You are viewing a plain text version of this content. The canonical link for it is here.
Posted to users@pdfbox.apache.org by John Lussmyer <Co...@CasaDelGato.com> on 2022/03/17 18:15:39 UTC

Possible PDFBox bug?

We have an app that can generate multi-page PDF Files.  We recently ran into a problem where the library we were using would keep ALL the pages in  memory.  For a quick workaround we have it write out single-page PDF files, then use PDFBox to combine them.

We recently found a bug in the way that the pages get modified when combined into a single PDF.
When we generate the pages, sometimes the MediaBox starts at negative coordinates.  When PDFBox adds that page to a document, it offsets it by that negative amount - which moves the page content up and to the right.
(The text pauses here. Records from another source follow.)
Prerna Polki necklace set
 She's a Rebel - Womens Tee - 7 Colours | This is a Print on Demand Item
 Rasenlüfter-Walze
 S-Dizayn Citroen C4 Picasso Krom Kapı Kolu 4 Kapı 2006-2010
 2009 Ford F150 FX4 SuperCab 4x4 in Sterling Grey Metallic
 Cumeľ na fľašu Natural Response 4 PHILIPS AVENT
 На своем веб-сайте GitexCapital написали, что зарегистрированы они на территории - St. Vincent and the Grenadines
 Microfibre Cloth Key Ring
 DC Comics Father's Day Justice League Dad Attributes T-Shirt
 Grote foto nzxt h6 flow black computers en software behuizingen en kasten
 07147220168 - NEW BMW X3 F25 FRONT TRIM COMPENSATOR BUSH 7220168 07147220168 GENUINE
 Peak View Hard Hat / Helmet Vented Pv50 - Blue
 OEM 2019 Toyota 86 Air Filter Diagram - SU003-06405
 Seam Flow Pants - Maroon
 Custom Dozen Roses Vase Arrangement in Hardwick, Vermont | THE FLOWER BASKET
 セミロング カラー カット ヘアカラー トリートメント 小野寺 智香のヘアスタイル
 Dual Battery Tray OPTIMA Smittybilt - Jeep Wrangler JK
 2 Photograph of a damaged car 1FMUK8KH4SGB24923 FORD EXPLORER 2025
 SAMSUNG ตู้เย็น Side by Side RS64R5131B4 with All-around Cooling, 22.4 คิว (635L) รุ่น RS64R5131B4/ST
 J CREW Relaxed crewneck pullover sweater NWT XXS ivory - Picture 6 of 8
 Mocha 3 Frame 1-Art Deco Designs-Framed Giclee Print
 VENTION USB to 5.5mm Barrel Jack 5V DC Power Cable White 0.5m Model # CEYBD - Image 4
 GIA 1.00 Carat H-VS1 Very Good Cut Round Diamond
Out page combining code looks like this.

		try (PDDocument doc = new PDDocument(MemoryUsageSetting.setupTempFileOnly())) {
			for (File pagFile : srcPages) {
				log.debug("make: page {}", pagFile.getAbsolutePath());
				PDPage page = new PDPage();
				doc.addPage(page);

				try (PDPageContentStream contents = new PDPageContentStream(doc, page)) {

					try (PDDocument sourceDoc = Loader.loadPDF(pagFile, MemoryUsageSetting.setupTempFileOnly())) {
						PDPage srcPage = sourceDoc.getPage(0);
						page.setUserUnit(srcPage.getUserUnit());
						page.setMediaBox(srcPage.getMediaBox());
						page.setCropBox(srcPage.getCropBox());
						page.setTrimBox(srcPage.getTrimBox());

						// Create a Form XObject from the source document using LayerUtility
						LayerUtility layerUtility = new LayerUtility(doc);
						PDFormXObject form = layerUtility.importPageAsForm(sourceDoc, 0);
						// draw the full form
						contents.drawForm(form);
					}
				}
			}

			doc.save(outPDF);
		}

The original Page pdf has a TrimBox[0,0,1296,864], MediaBox[-72,-72,1368,936]
The page in the PDFBox combined output has the same TrimBox and MediaBox, BUT the /Form1 it uses to place the contents has a BBox[-72,-72,1368,936] and a Matrix[1,0,0,1,72,72].
I'm not sure why it's adding a Matrix to offset the content.

AW: Possible PDFBox bug?

Posted by "Hiller, Gerhard" <Ge...@msh.de>.
Hi John,

try srcPage.getMediaBox().createRetranslatedRectangle(), also for the other boxes.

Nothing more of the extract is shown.